• _ACTIVITY_: Please repeat exactly the lines from the one containing "Lightning Strikes Spring" through the last line of the records, both included, and nothing else, leaving out any pictures.

BEGIN

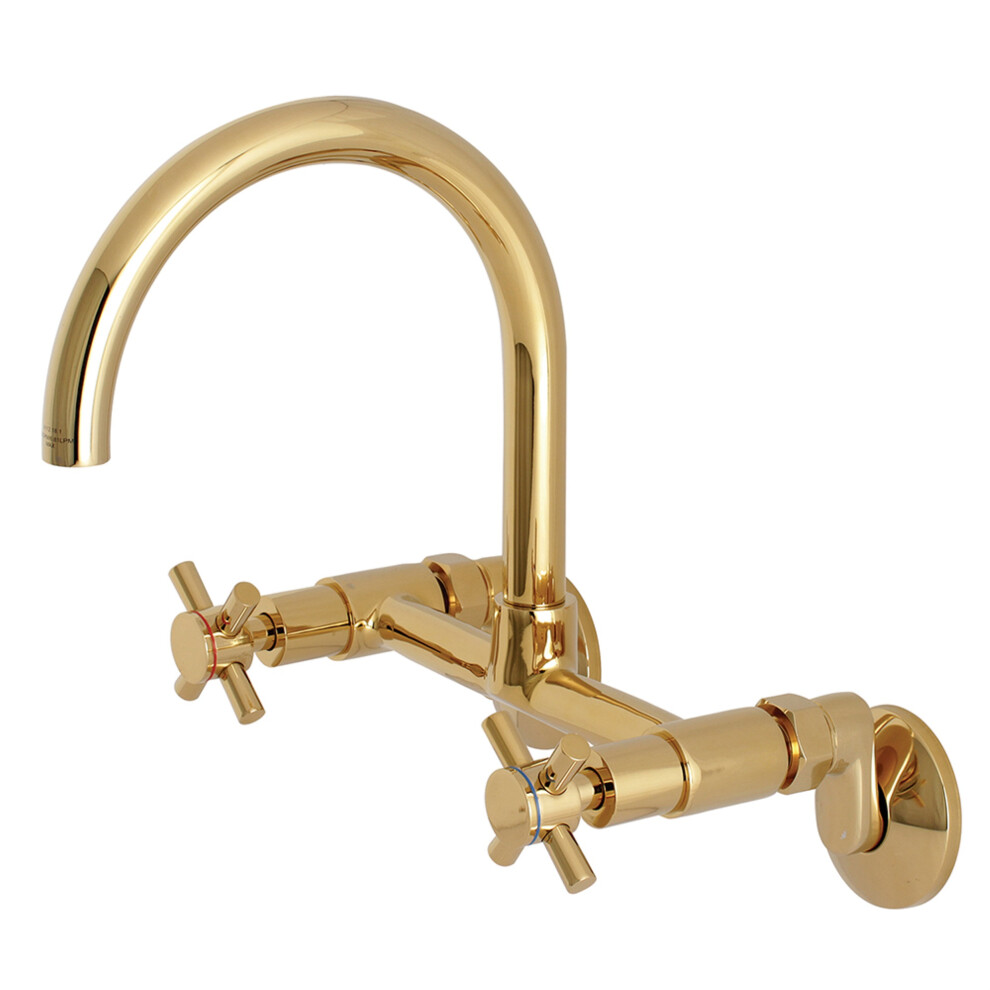 Photos - Other Bathroom Accessories Kingston Brass KS414PB Concord 8-Inch Adjustable Center Wall Mount Kit B079KTGLGS 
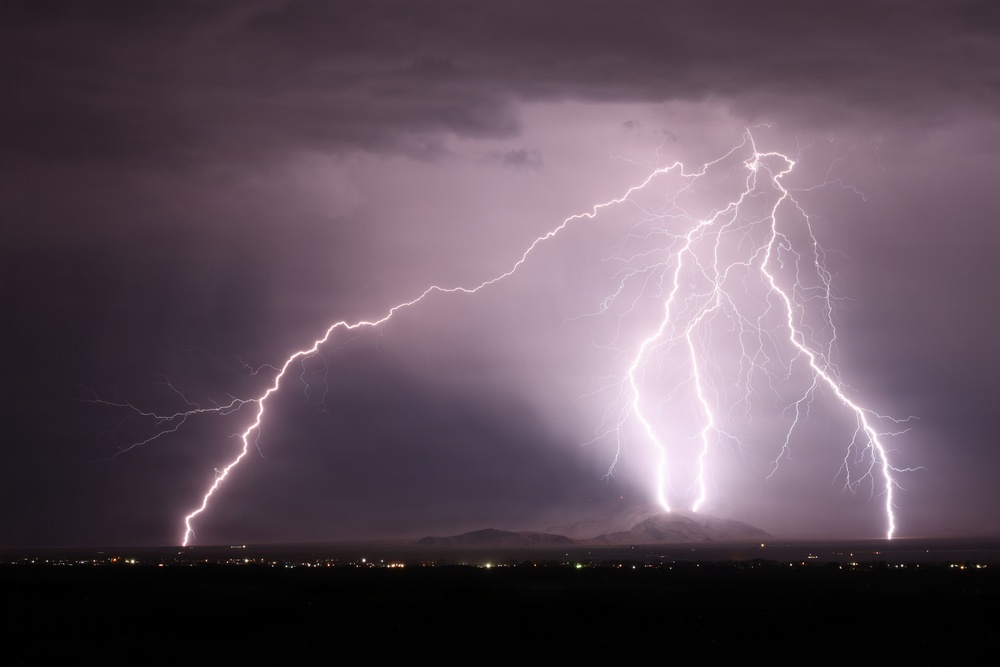 Lightning Strikes Spring Mountain National Recreation Area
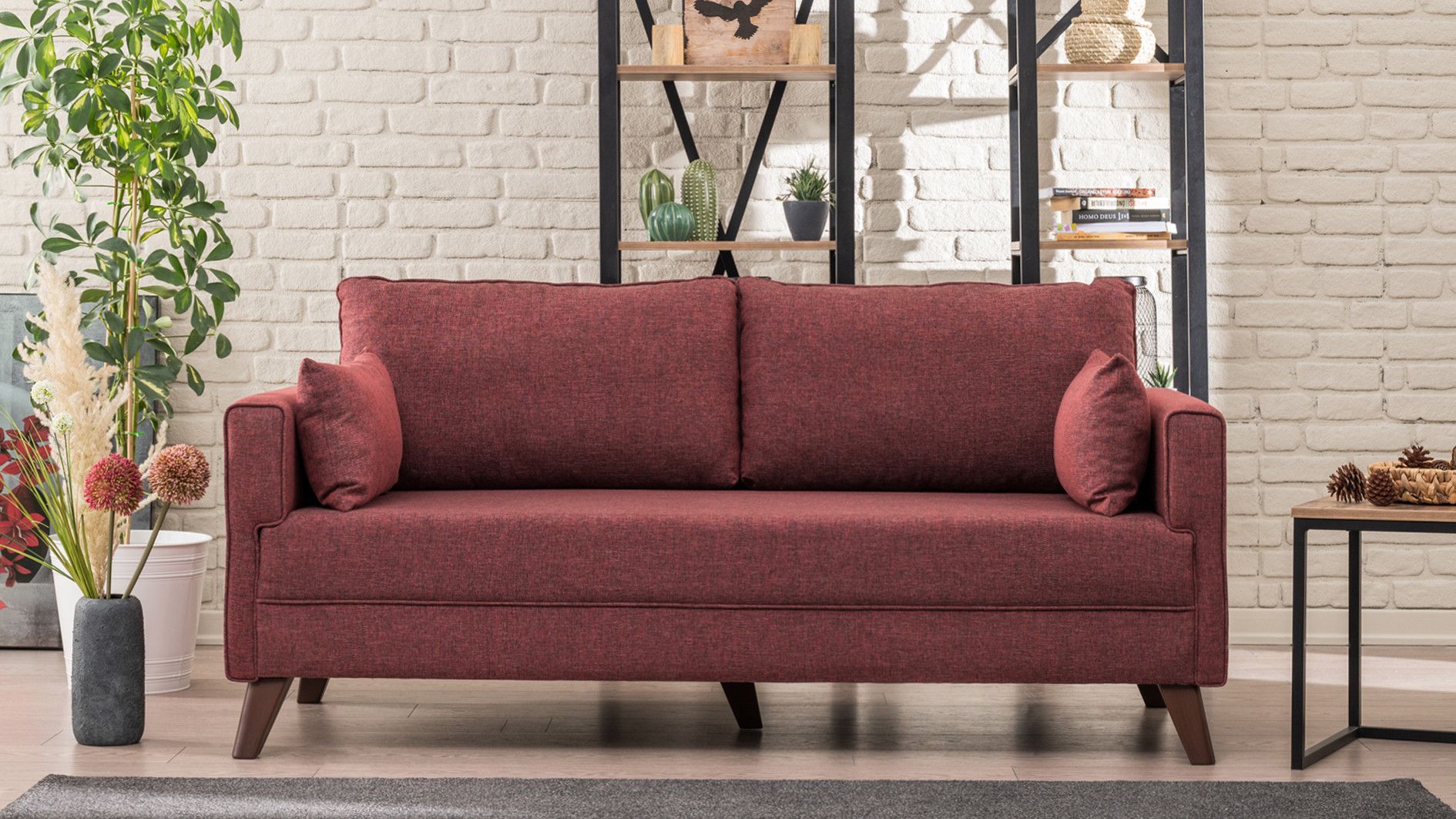 Canapea 2 locuri Bella Sofa For 2 Pr - Claret Red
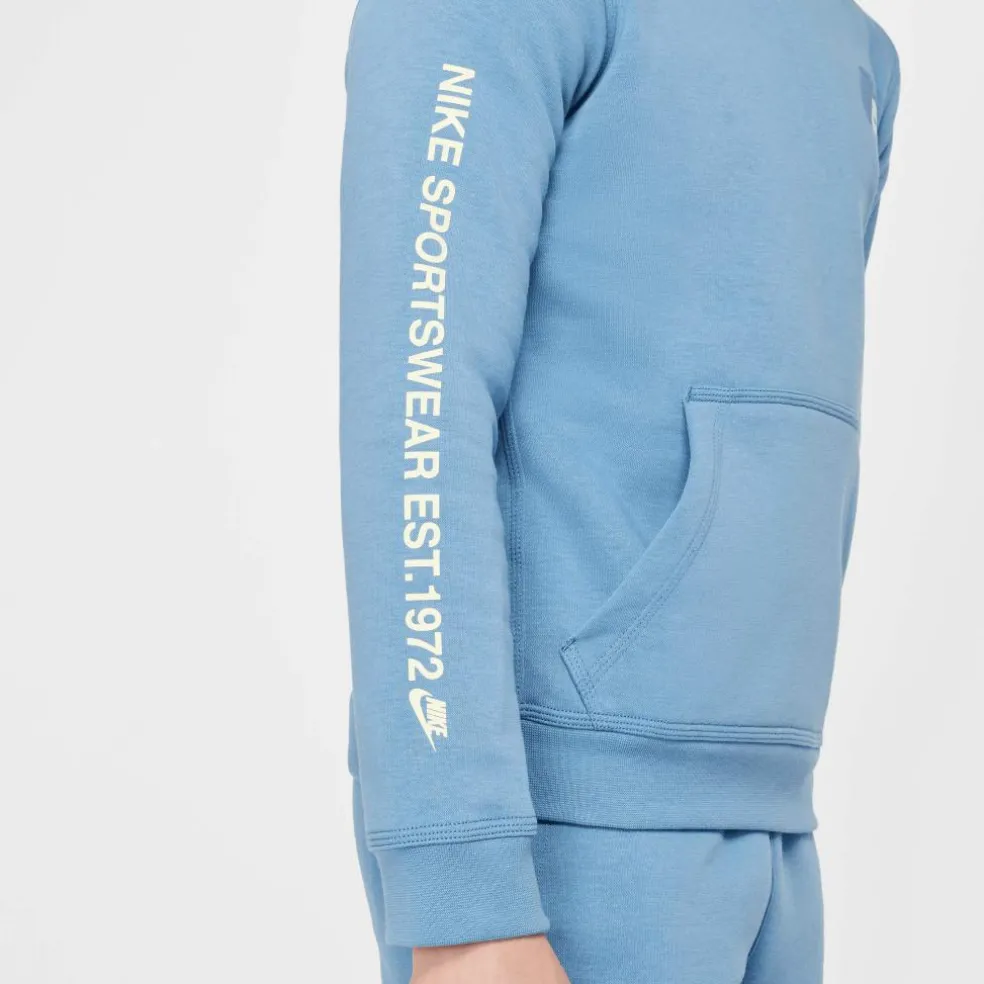 Nike Standard Issue hoodie junior aegean storm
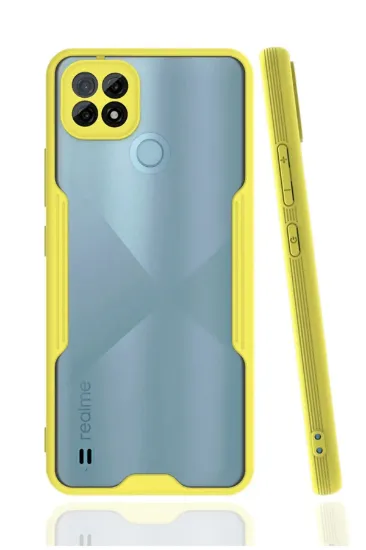 Newface Realme C21 Kılıf Platin Silikon - Sarı resmi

END

• _REPLY_:
 Lightning Strikes Spring Mountain National Recreation Area
 Canapea 2 locuri Bella Sofa For 2 Pr - Claret Red
 Nike Standard Issue hoodie junior aegean storm
 Newface Realme C21 Kılıf Platin Silikon - Sarı resmi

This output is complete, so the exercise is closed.